When I pressed ‘submit’ on Tor.com Publishing’s Moksha page on 12 January 2017, I had no real expectations of success. Admittedly I didn’t have many expectations of any kind; after several consecutive nights spent editing the manuscript, I mostly just felt exhausted.
Relief, yes, I felt that, and the usual giddy excitement that accompanies sending out a story for the first time. But I’d also been struggling to sell short fiction for years, and I had previously received a form rejection from Tor.com Publishing when I sent them a novella in 2015. This looked to be merely another foray into the realms of Rejectomancy.
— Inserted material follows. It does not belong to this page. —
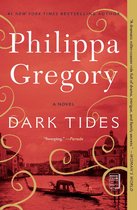 Boek "Dark Tides" van Philippa Gregory, #1 New York Times bestseller. Achtergrond met Venetië en een gondel. Gouden ornamenten op rode achtergrond.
I’m very good at obsessing. It might not be that exceptional amongst writers, actually, but I was glued to that Moksha page. Would the queue move today? Would it move, maybe, since I last checked it an hour ago? When I started, there were 170 people in the slush pile ahead of me. As the months passed, that number slowly sank. I spent a painfully long time in queue position 67 —three months, possibly?— and there was no way of knowing what that might betoken. The first readers might have gone on holiday! The submission had gotten lost in a black hole! They had put it aside for some arcane reason so that they could batch reject it with others!
Down I went, and I began to do that dangerous thing. Hoping. A year passed. I reached single digits in queue. And then, for two weeks, I sat at Queue Position 1.
I really wasn’t doing anything glamorous or inspiring when I received the email. If I remember correctly, I was actually half-watching 90 Days to Wed. And when I saw the message popped up, I initially thought it was a rejection. Because it started with praise, and that meant there was a looming “it was great BUT…”
There’s a tendency to only report triumphs when it comes to writing. People avoid talking all that much about the difficult parts, the frustrating parts, the boring parts, or even the heartbreaking parts. For good reason — it usually comes off as whiny. But I think, from the outside, that this can result in it appearing effortless when someone does receive an acceptance or accolade. When, really, it’s just one lucky strike after a lot of failed pitches. The right editor reads your work on the right day; that’s all there is to it, as easy and as impossible as that.
It’s been pretty wild, watching my novella go through the editorial process. I’m also absolutely terrible whenever anyone asks me about it. “What’s your book about?” After a moment of blind panic, I tend to burst out with “Demons!” which doesn’t seem to be a winning strategy. Or very true to what is actually in the book. Or advisable when talking to devout Christians.
The Border Keeper tries to be weird and dark and colourful and epic on a small scale, but it’s also tricky to describe beyond the basic premise. I think it will be funnier than people anticipate, and probably more romantic too.
But it’s all out of my hands now. Go well, little story, little piece of my heart. I hope you find a reader who likes you.